Status in linux package in Ubuntu:
  New

Bug description:
  I suspect this is a kernel bug.

  With ubuntu <= 21, I find that this runs in about 13 seconds:

  python3 -c "import timeit; print(timeit.Timer('for _ in range(0,1000):
  pass').timeit())"

  With ubuntu >= 22, I find that it runs in about 83 seconds.

  The problem seems to be specific to Cisco UCS hardware and can be
  mostly mitigated by disabling hyperthreading.

  I also tried counting to a million a thousand times instead of
  counting to 1000 a million times (this is how many times timeit runs
  the experiment), just in case the time-measuring was the slow part,
  but it made no difference.  Even just a straight up loop without using
  timeit shows about the same difference.

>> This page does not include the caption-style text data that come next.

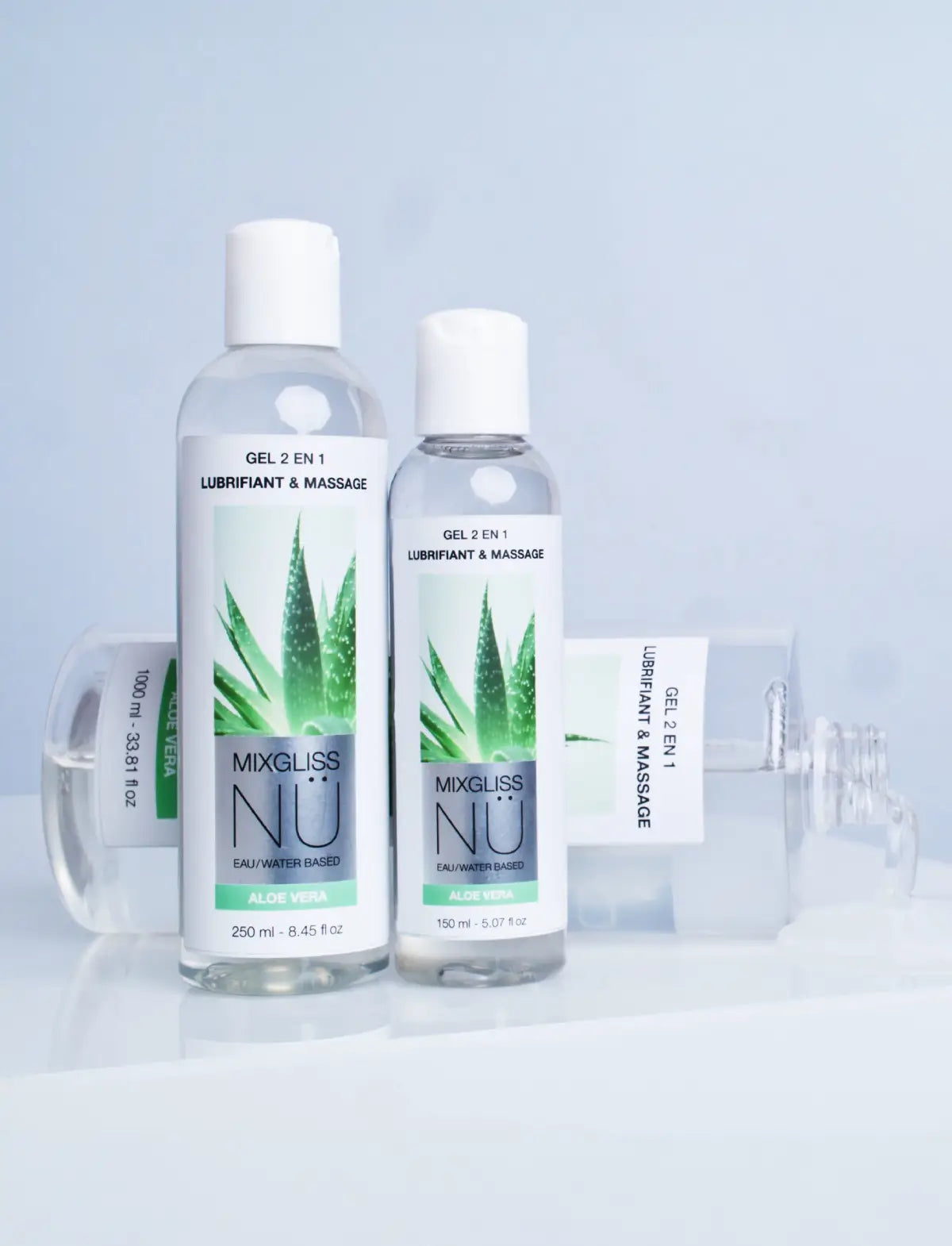 Mixgliss Nü gel collection – full product range
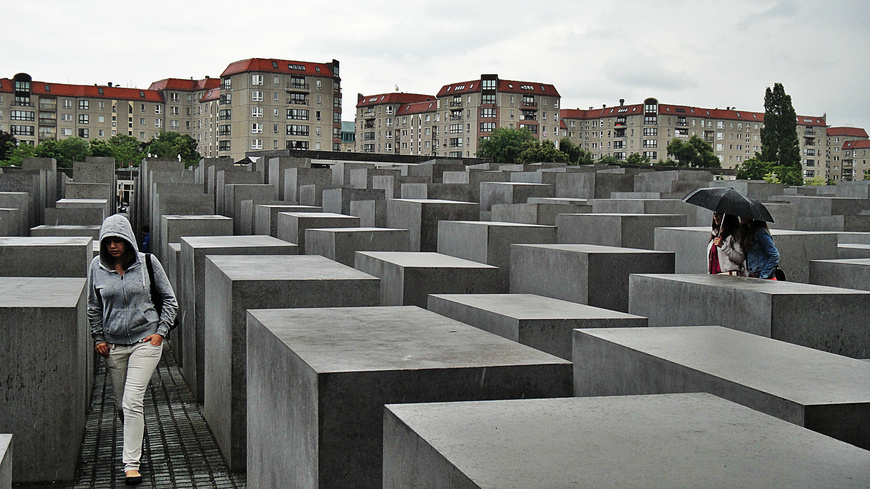 Lugar Holocaust Denkmal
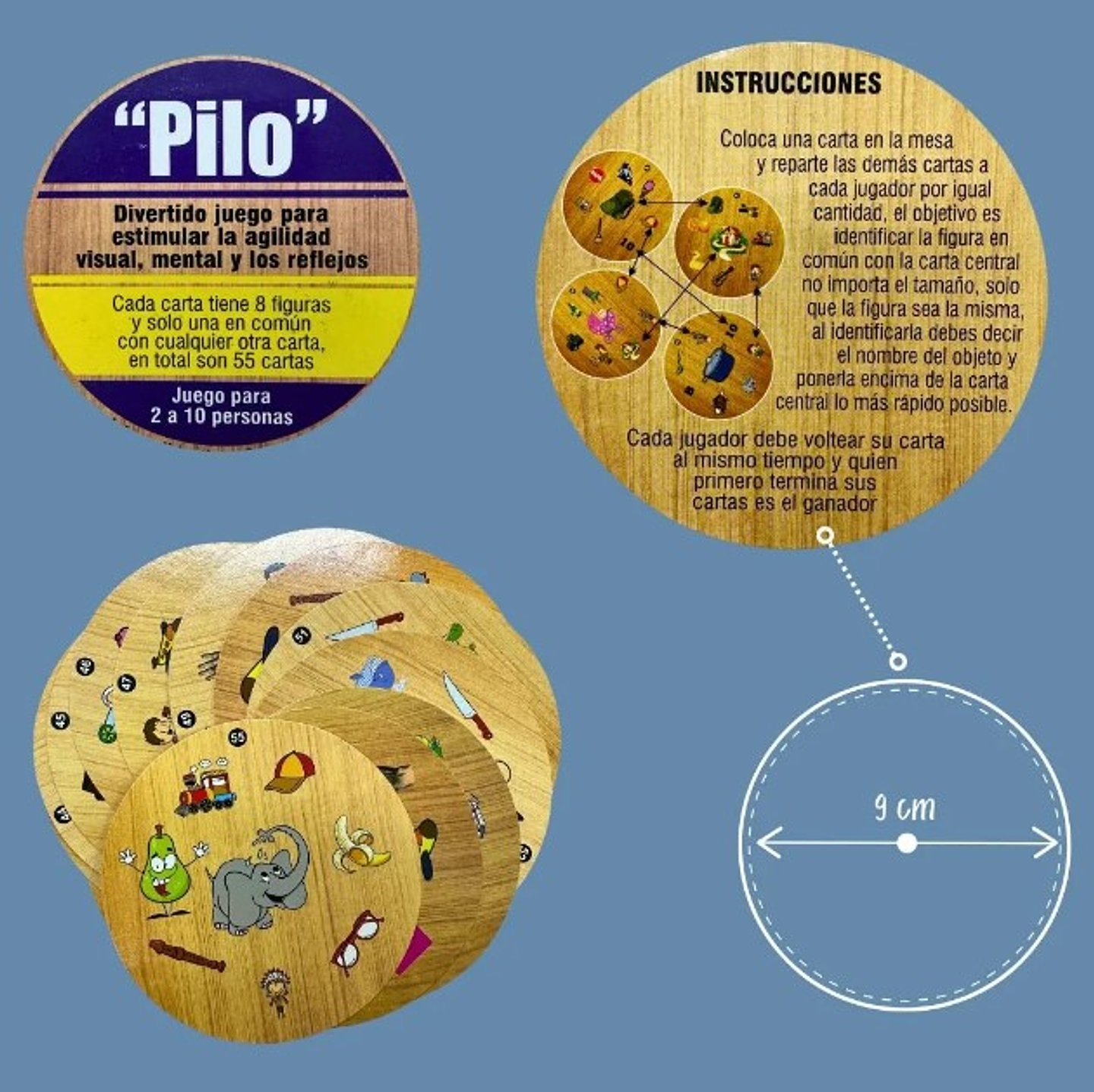 Pilo Juego de Mesa 4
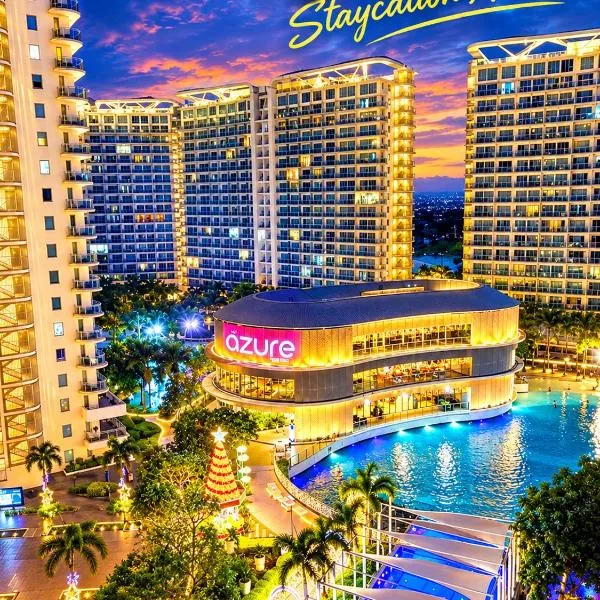 Staycation at Azure Urban Resort Rio East Near SM Bicutan Airport, Hotel in Manila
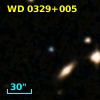 WD 0329+005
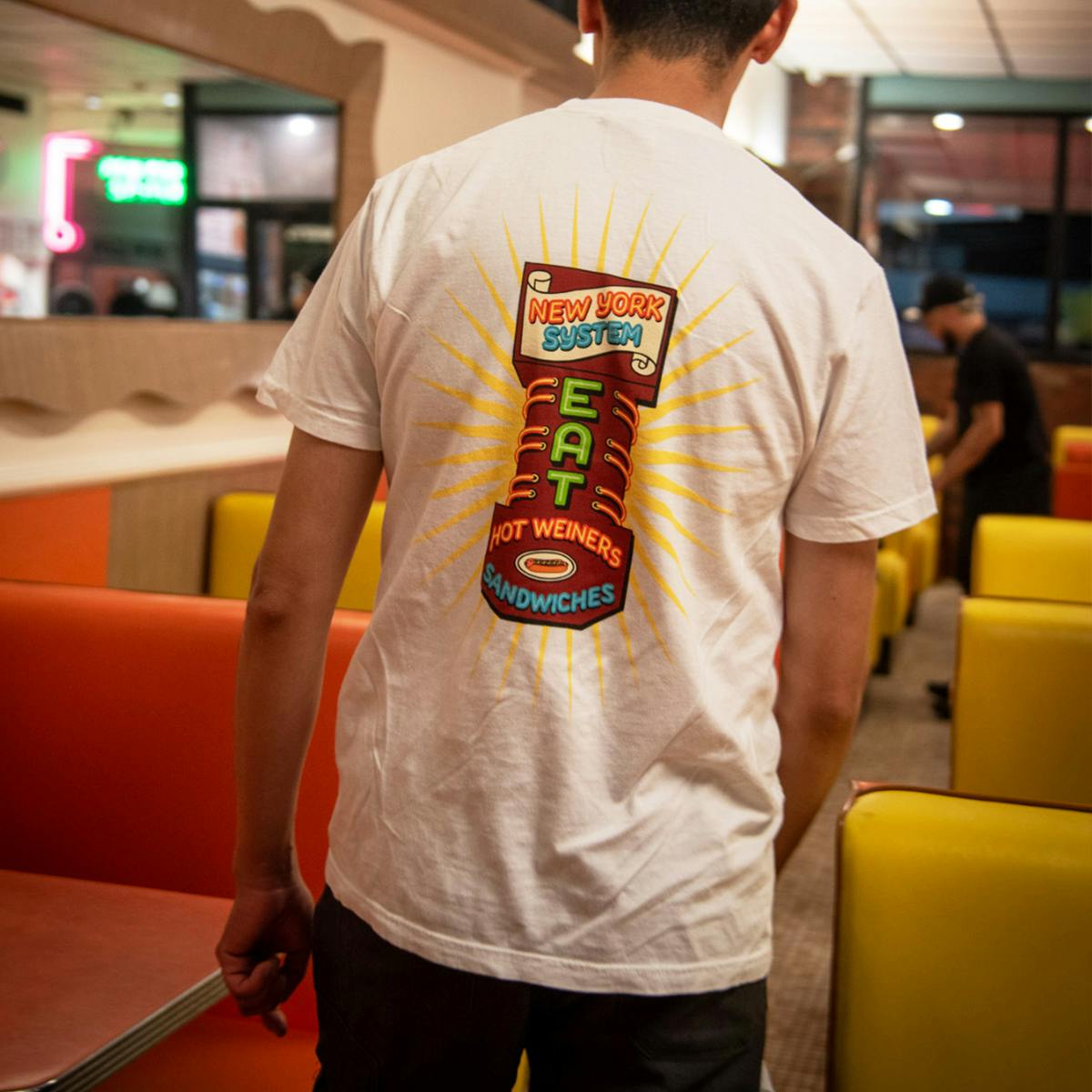 Olneyville Logo T-Shirt by Olneyville New York System - Alternate image 4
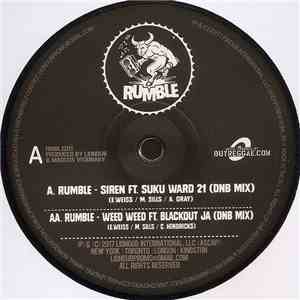 Rumble  - Siren Ft. Suku Ward 21 (DnB Mix) / Weed Weed Ft. Blackout Ja (DnB Mix) download free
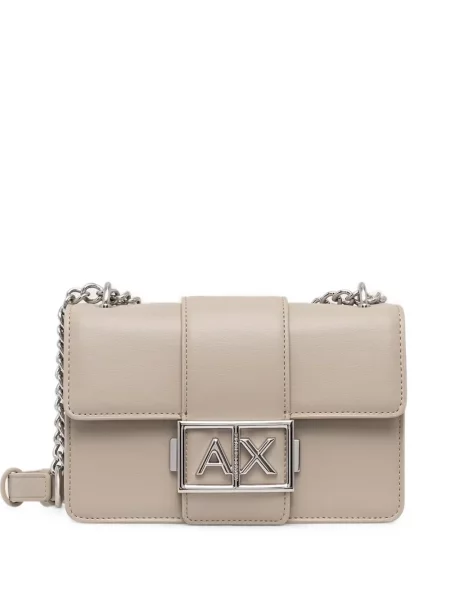 Body Armani Exchange cu autograf alb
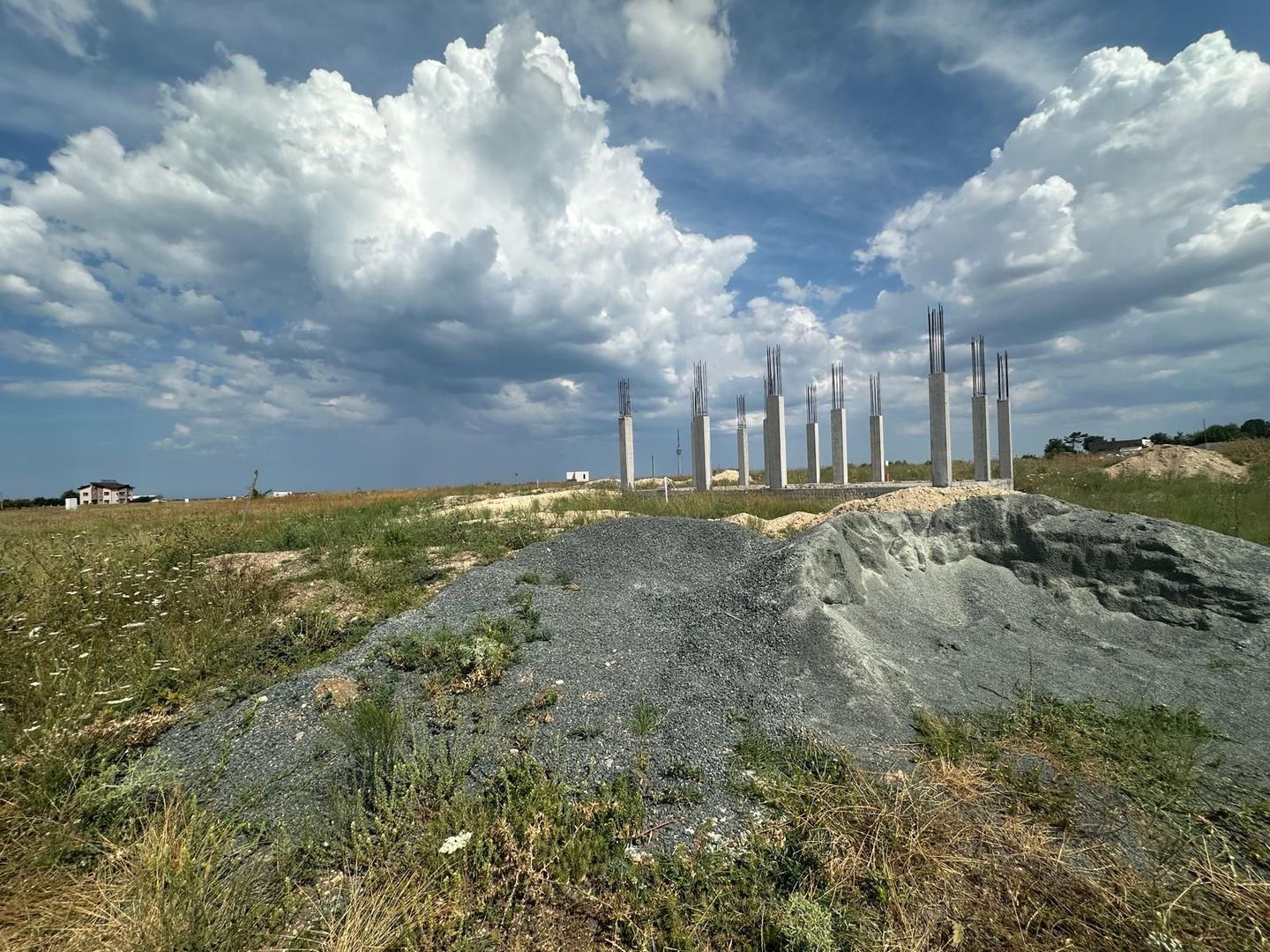 teren de vanzare Techirghiol cu fundatie si autorizatie construire - Poză 4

  Originally, I encountered this when upgrading from 18 to 24.  We went
  back and isolated the problem to something that changed between 21 and
  22.  The version I actually care about is 24.

  The only Cisco UCS systems we have are a bunch of Cisco UCS C220 M5SX
  rack servers and a bunch of Cisco UCS B200 M5 blades.  All of them
  show the regression.  I can confirm that on a variety of similarly-
  specced supermicro systems, the regression does not occur.

  The problem can be easily reproduced by booting off
  https://releases.ubuntu.com/24.04.1/ubuntu-24.04.1-live-server-
  amd64.iso (or various other versions) and dropping into a shell.  The
  installer kernel behaves the same as the installed kernel across the
  various versions.  So it should be possible for anyone with this
  hardware to reproduce the issue by using the installer shells.  You
  may wish to use an old python3 from a version-pinned docker image to
  get an apples-to-apples comparison.

  If I run the experiment inside ubuntu18 containers on ubuntu21 and
  ubuntu22 I can see that I still get the dramatically different
  runtimes.  i.e., the kernel version and not the userland or python
  version is what seems to matter.

  We have tried mitigations=off with no effect.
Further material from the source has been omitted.